Friday, June 28, 2019

Week 25 - Reading


I have this love/hate relationship with books. I enjoy having books, I've even enjoyed reading them, but I'm a slow reader so I also get discouraged and end up taking months to read a single book (let's be honest, a year). It's a good thing I didn't resolve to read more at the beginning of the year, I would have failed immediately. Audiobooks, on the other hand, I consume like air. I've been an audible subscriber since 2011 and have nearly 300 audiobooks and that's just because I can rent them from the library and I podcast HARD! Serial, up & Vanished, That Sounds Fun, TONS of podcasts!!

One of the best questions I was ever asked was "What 5 books most influenced who you are today?" Now I'm asking you this question. Let me know!

Sunday, June 23, 2019

Week 24 - Travel


I've never been afraid to fly. In fact, I rather like it. Especially the take-off and landing. As an avid weather watcher, I'll spend most of the flight hunched over looking out the window. The last time I flew, we passed by a field of giant cumulus clouds. Their size was so imposing; seeming to stretch on for miles. I don't think that side of the sky will ever become boring.

P.S. Did you know there is an Amazon Basics carry-on? I bought the hard shell and put stickers of places I've been!


Saturday, June 15, 2019

Week 23 - Still Walking


We had a cold front move through San Angelo Sunday evening. The high on Monday only reached 77°F and it was glorious! I don't waste these opportunities. There are paved trails within walking distance of my home, and on days as beautiful as today, I took full advantage. Normally, I walk only 2 miles, but that day I walked the full trail and did 4 miles. Some people may ask, why didn't you run the trails? Um...because I don't hate myself! Actually, I have a temperamental lower back that doesn't appreciate the high impact of running, and it is faithful to let me know of its displeasure the next day...and the day after that...and the day after that. Thus, I walk. And pray. And breathe the fresh air. Days like these won't likely return until late September or even October. I like to enjoy them when I can.

Saturday, June 8, 2019

Week 22 - Canada


I was in Banff, Canada last week. Mountains, rivers, waterfalls, and pine infused air. I thought I would take hundreds of photos, but I found myself just soaking up the experience, soaking up the mountain vistas and good conversation. I still took a hefty amount of photos, but I felt more present this time around.

Thursday, May 30, 2019

Week 21 - Departures


It’s cool this morning, as if Canada were saying goodbye and reminding us of what spring should feel like before we head back to the endless heat of Texas. I stood there on the balcony of our rental, for what seemed like too long, just breathing in the crisp morning air, laden with fragrant pine while the sun slowly rose in the east.
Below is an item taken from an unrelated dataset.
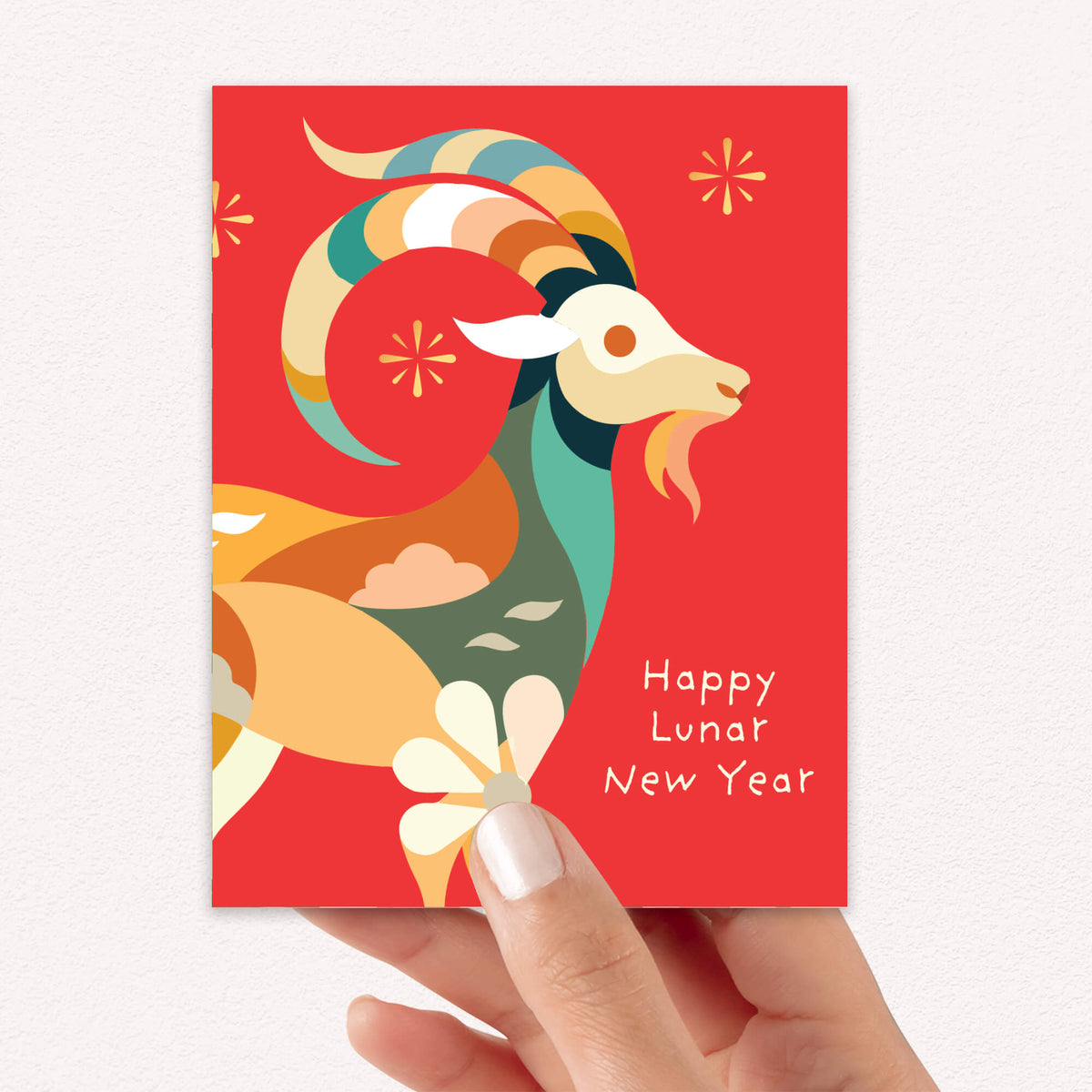 A hand holding a red Lunar New Year greeting card featuring a stylized ram illustration and the text 'Happy Lunar New Year'.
I don’t want to leave,  but I can’t stay.

Saturday, May 25, 2019

Week 20 - Failure


Journaling is something I've wanting to incorporate into my life. I'd made it a goal for the new year to write in the journal twice a week. Well...I failed that this month. Lasted longer than I thought I would. I'll still try and journal, but I'm not sure it will ever be a regular practice of mine.

Failure is part of life, and I definitely learned that I like to type more than write long hand.

Saturday, May 18, 2019

Week 19 - TicTac


A roommate brought his cat along and this cat HATED me. He used to hide behind the couch and ambush me. Yet, when my roommate was deployed for 6 months, all this cat had was me. I found him sleeping next to my left shoulder every night. This came at a period of time when, though I had many friends, I was known by very few. This was due mainly to my refusal to be vulnerable about my shortcomings. People knew who I was, but they did not know me. My struggles, my burdens, my ambitions, my desires, these were all kept safe and secure, deep in my heart, and I was miserable. Despite this being my fault for not opening up to my community, God saw fit to give me a small level of comfort by way of this small pain in the butt, named TicTac. Seven years later and he's now sitting in my lap. I'm much more vulnerable with my people, but it's nice a lap cat too.